Astronomers produce most detailed sensitive image ever of ancient star cluster

A global team of astronomers including an Iranian scientist named Arash Bahramian have created the most sensitive radio image ever of a globular cluster, an ancient ball of tightly-packed stars. 

The image is of the second brightest globular cluster in the night sky—known as 47 Tucanae—and was produced by a team led by the Curtin University node of the International Centre for Radio Astronomy Research (ICRAR) in Western Australia. 

The scientists also detected a previously undiscovered radio signal from the centre of the cluster. 

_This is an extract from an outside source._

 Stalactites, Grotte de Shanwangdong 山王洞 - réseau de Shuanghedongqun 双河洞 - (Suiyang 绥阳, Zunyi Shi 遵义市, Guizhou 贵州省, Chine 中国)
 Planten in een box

Astronomer Dr Arash Bahramian, from ICRAR’s Curtin University node, says star clusters are an ancient relic of the early Universe. “Globular clusters are very old, giant balls of stars that we see around the Milky Way,” he said. 

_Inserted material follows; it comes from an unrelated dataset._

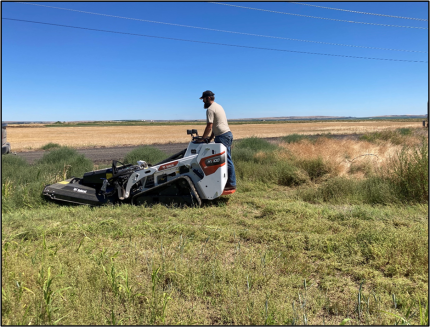 Technician using mower attachment to mow weeds.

They’re incredibly dense, with tens of thousands to millions of stars packed together in a sphere, he added. 

“Our image is of 47 Tucanae, one of the most massive globular clusters in the galaxy. It has over a million stars and a very bright, very dense core.” 

Dr Bahramian said the ultra-sensitive image was created from more than 450 hours of observations on CSIRO’s Australia Telescope Compact Array (ATCA), on Gomeroi Country. It is the deepest, most sensitive radio image ever compiled by any Australian radio telescope. 

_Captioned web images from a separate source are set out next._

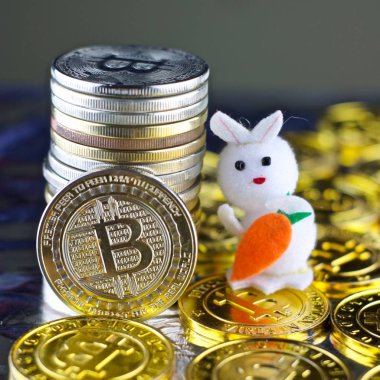 Bitcoin para. Cryptocurrency kavramı.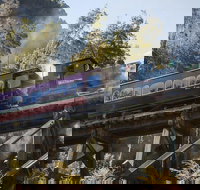 West Coast Wilderness Railway Queenstown Explorer from Strahan - C Tourism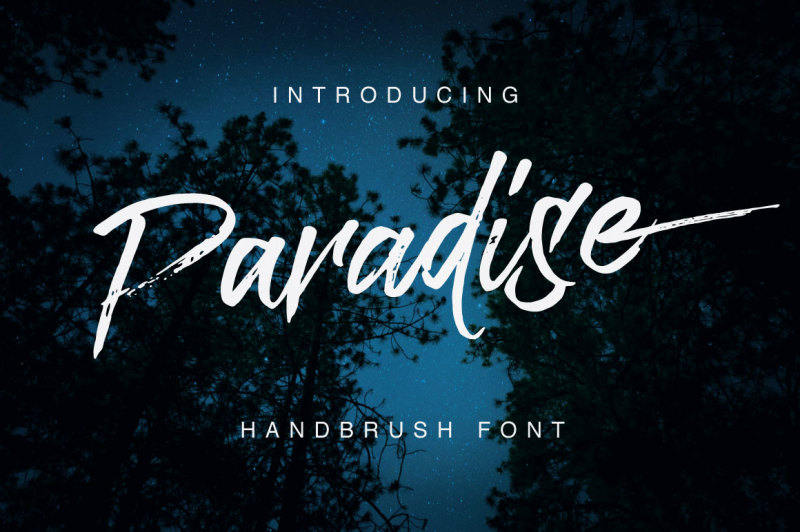 Paradise Typeface By Queen Type | TheHungryJPEG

Dr Bahramian said 47 Tucanae can be seen with the naked eye, and was first catalogued in the 1700s. 

But he said imaging it in such great detail allowed astronomers to discover an incredibly faint radio signal at the centre of the cluster that had not been detected before. 

Lead author Dr. Alessandro Paduano, from ICRAR’s Curtin University node, said the detection of the signal was an exciting discovery and could be attributed to one of two possibilities. 

“The first is that 47 Tucanae could contain a black hole with a mass somewhere between the supermassive black holes found in the centers of galaxies and the stellar black holes created by collapsed stars.” he said. 

“While intermediate-mass black holes are thought to exist in globular clusters, there hasn’t been a clear detection of one yet,” he added.